Normally, whenever we went to a fast food drive up window, he would get very excited and try to get his head through the driver side window to say hello to the worker as well as smell the yummy food. This time, he just laid there. He didn’t even notice anything until he smelled the food as we drove away. He laid down for the rest of the drive home.

That night, I went out to the living room to check on him at 3 a.m., and he was in his favorite chair breathing very heavily. I sat next to him for about an hour, talking to him, and telling him that it was ok for him to go, and how much we loved him. I woke the kids up to come love on him just in case this was the end. He kept moving every few minutes as if he couldn’t get comfortable. Once he got out of the chair and laid down on the floor, his breathing went back to normal so I thought maybe the way that he was curled up in the chair was pushing the tumor into his chest causing him to breathe harder.

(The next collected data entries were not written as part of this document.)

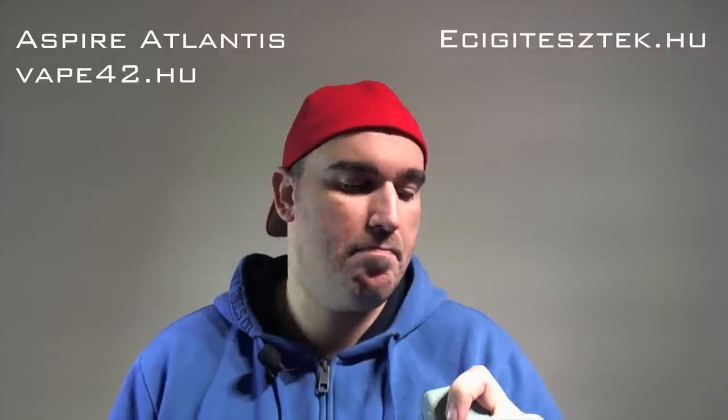Tehát akkor kézben az Aspire Atlantis egy Vapor Shark RDN-n. Ahogy nézem, ez most 0,6 Ohm-ot ír. Megpróbálom azért ott megpiszkálni, ami még emberinek tekinthető: 20 watt - azt mondja rá, hogy 3,6 volt lesz.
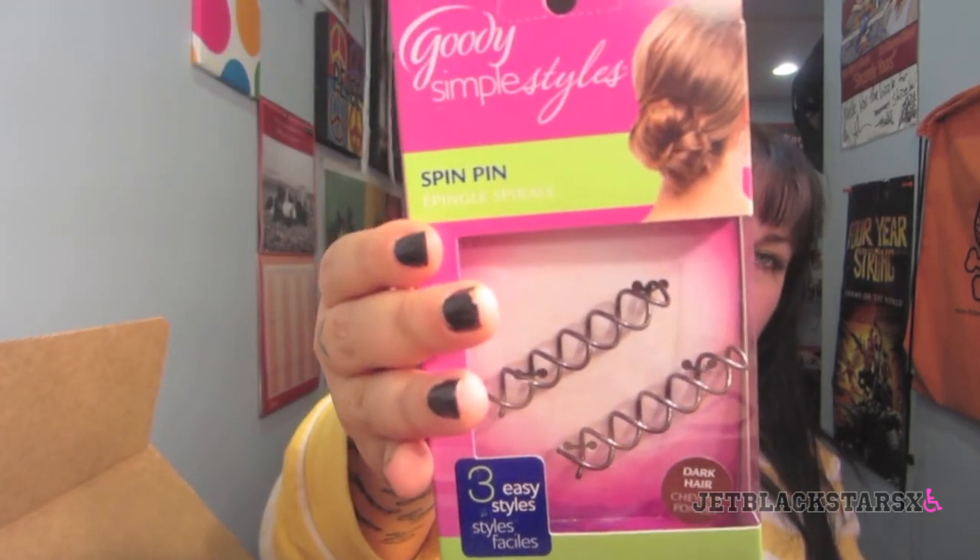And this is the Goody Simple Styles Spin Pin. They retail for $7.29 — they're little spirals that go in your hair. Never have the time for a great updo? Not anymore. The Goody Simple Styles Spin Pin allows you to easily achieve three chic updo styles. Simply twirl your hair up and spin the two spin pins in for a perfect undone bun, side bun, or double bun. The back has directions and the box gives you more styles to try. My hair might be a little too short right now since I just got it cut, but once it grows I'll definitely give these a try.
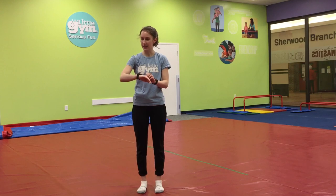Hi everybody, welcome back to the Little Gym at Home. My name is Ms. Mel and today we're going to do a really fun get moving activity. Make sure you have enough space around you where you won't hit anything or hurt yourself. Let's get started.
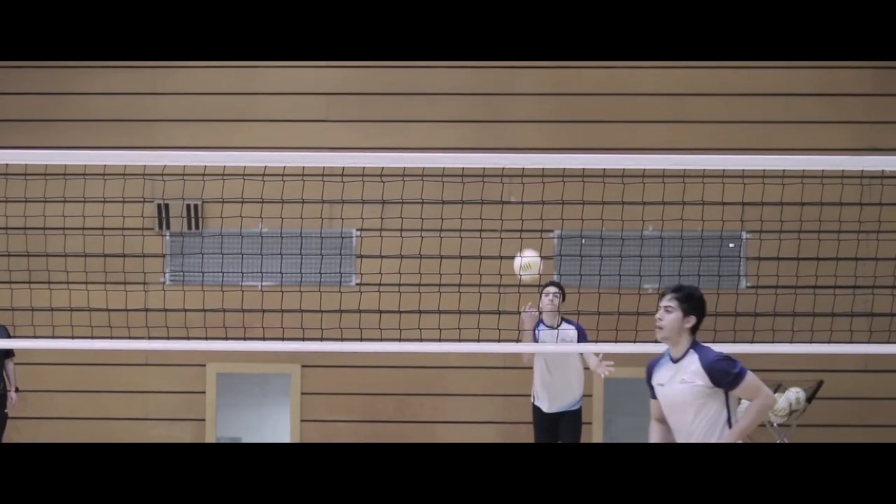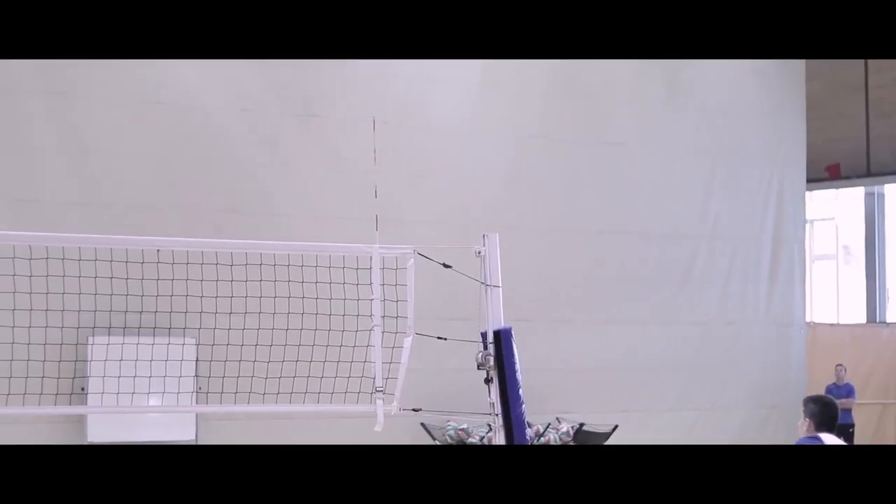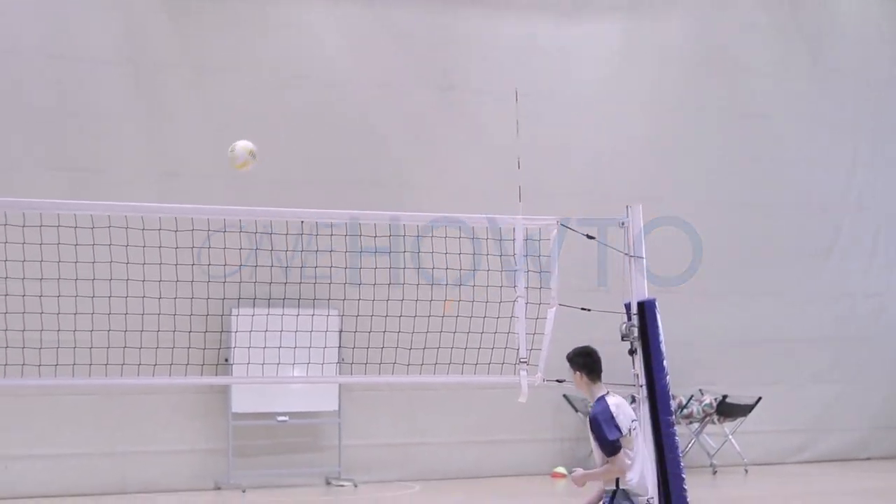Welcome to OneHowTo. Today we're going to continue our series on how to attack in volleyball. After our previous video on court positioning, we'll work on ball coordination.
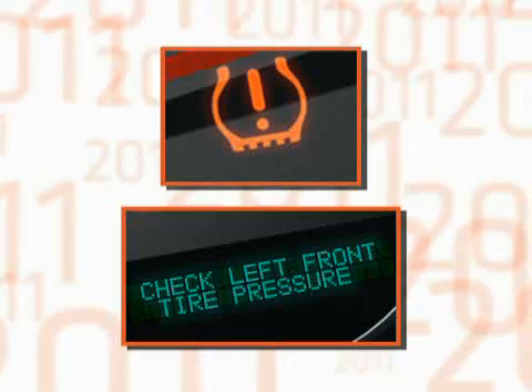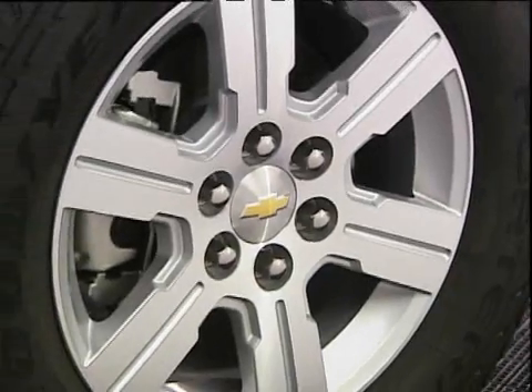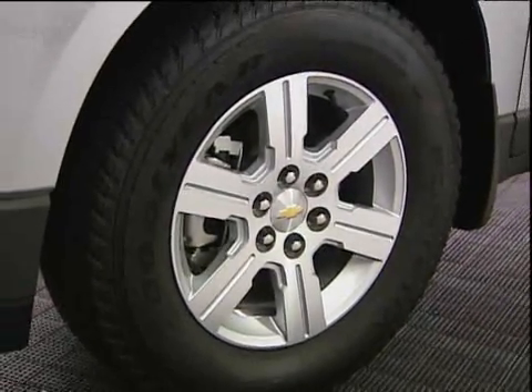If the vehicle is equipped with a driver information center, a warning message is also displayed. The tell-tale and message are simple reminders to add air to your tires at any convenient service location.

He was ok later that morning. My daughter stayed home with him while we went grocery shopping. She texted me early afternoon saying that he vomited a bunch, and was just laying in it. The food that he vomited was what he had eaten the day before, as if it hadn’t even been digested. She said he wouldn’t get up. I phoned our vet. and left a voicemail. We rushed home while waiting for the doctor to call back. We lifted LT up and cleaned him off, but he refused to even try to get up. He just laid on the kitchen floor, watching me with his eyes. Every time I looked at him, he was looking at me.

The doctor didn’t call back and I didn’t want to make him suffer longer so I began calling around to find someone open on a Saturday afternoon that could help us out. Almost all of the veterinary offices that advertised as being 24-hour emergency clinics stated that they only help previously established patients. Even after telling them our situation and how much LT was suffering, none of them would make an exception. We finally found one who would help.

My boys had to carry him to the car for his final ride. I cried most of the way there. The doctor was extremely caring and empathetic. She sedated him so that he went to sleep before giving him the medicine to stop his heart. I held his head in my hands and kissed his head as he peacefully slipped away. He crossed the rainbow bridge on January 20, 2018. Exactly eleven years after bringing him home.

 His last car ride.

His last car ride.

Two days later, our hearts are still broken. We sometimes forget that he’s not there and we begin to call his name to give him a piece of food or we expect him to come running to the door when we walk in. Our home feels so empty without him. I’ve had dogs in my home for my entire life, even growing up, and he was absolutely the best dog I have ever had. He lived his life to make us happy and he knew how much we loved him until his last breath.